[Libguestfs] [nbdkit PATCH] nbd: Rewrite thread passing to use semaphore rather than pipe
Richard W.M. Jones
rjones at redhat.com
Sat May 25 18:15:53 UTC 2019
On Sat, May 25, 2019 at 01:10:15PM -0500, Eric Blake wrote:
> I ran some local testing on my Fedora 29 system via:
> $ ./nbdkit memory 1m
> $ for i in `seq 10`; do
> ./nbdkit -U - --filter=stats nbd \
> statsappend=true statsfile=$file hostname=localhost port=10809 \
> --run '~/libnbd/examples/threaded-reads-and-writes $unixsocket'
> done
>
> Pre-patch, the runs averaged 1.266s, 1.30E+08 bits/s
> Post-patch, the runs averaged 1.154s, 1.42E+08 bits/s
>
> This is roughly 9% performance gain, all because semaphores are
> lighter weight than pipes for inter-thread locking. The refactoring
> will also make it a bit easier to incorporate the use of libnbd.
>
> Signed-off-by: Eric Blake <eblake at redhat.com>
> ---
>
> Sending this in case someone wants to review my work, but I was happy
> enough with the benchmark numbers to go ahead and push this one.
Yup, seems fine.

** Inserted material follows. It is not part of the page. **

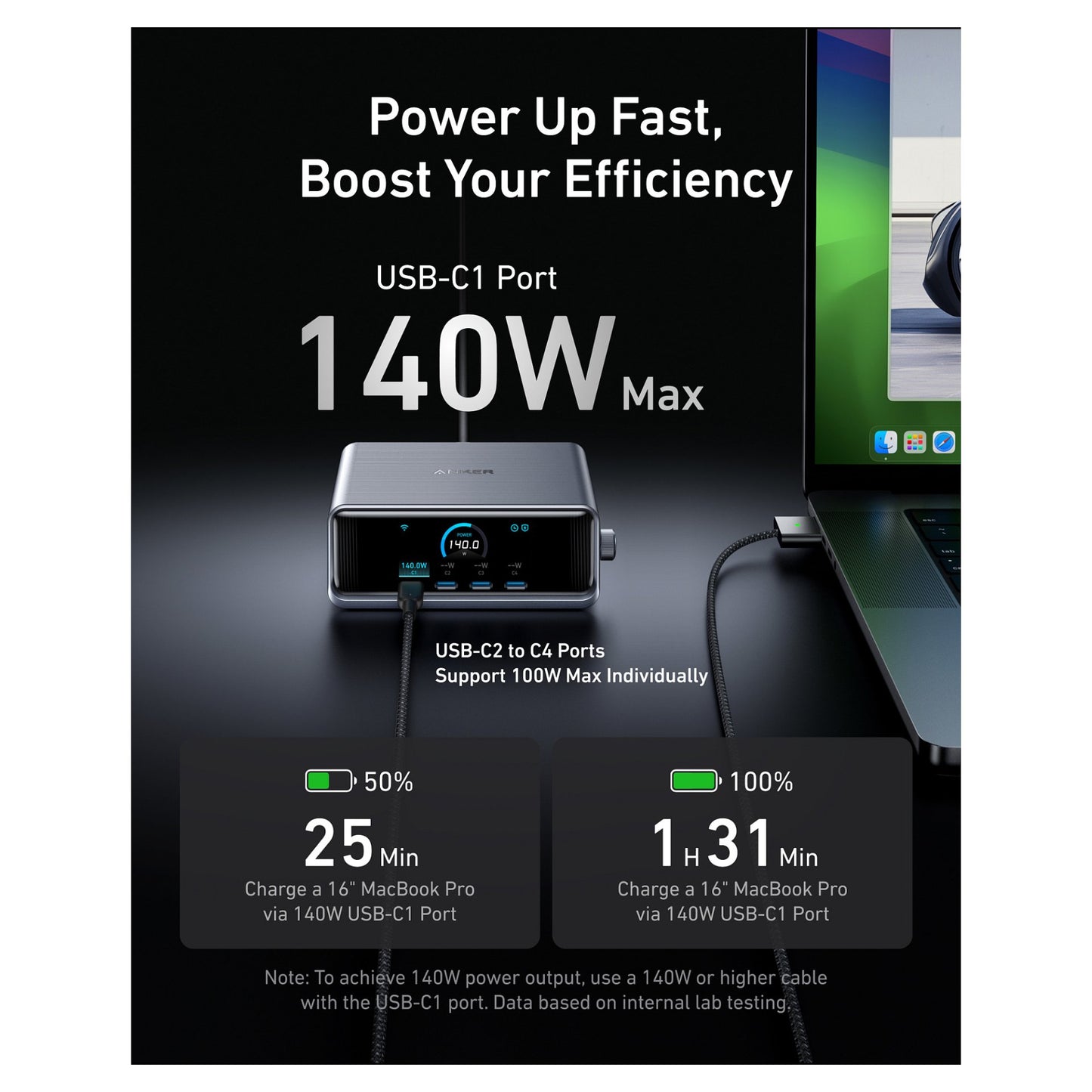 ANKER Prime Charger 250W USB-C Ladegert 6 Ports GaNPrime 2.26Z LCD-Display Smart Control Regler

I was concerned this call might not have been
available in FreeBSD, but it is so that's OK.
Thanks,
Rich.
> plugins/nbd/nbd.c | 134 +++++++++++++++++++++++-----------------------
> 1 file changed, 67 insertions(+), 67 deletions(-)
>
> diff --git a/plugins/nbd/nbd.c b/plugins/nbd/nbd.c
> index 9039e1b..b2f3446 100644
> --- a/plugins/nbd/nbd.c
> +++ b/plugins/nbd/nbd.c
> @@ -48,6 +48,7 @@
> #include <sys/un.h>
> #include <assert.h>
> #include <pthread.h>
> +#include <semaphore.h>
>
> #define NBDKIT_API_VERSION 2
>
> @@ -155,10 +156,8 @@ nbd_config_complete (void)
>
> /* The per-transaction details */
> struct transaction {
> - union {
> - uint64_t cookie;
> - int fds[2];
> - } u;
> + uint64_t cookie;
> + sem_t sem;
> void *buf;
> uint64_t offset;
> uint32_t count;
> @@ -182,6 +181,7 @@ struct handle {
>
> pthread_mutex_t trans_lock; /* Covers access to all fields below */
> struct transaction *trans;
> + uint64_t unique;
> bool dead;
> };
>
> @@ -264,7 +264,7 @@ find_trans_by_cookie (struct handle *h, uint64_t cookie, bool remove)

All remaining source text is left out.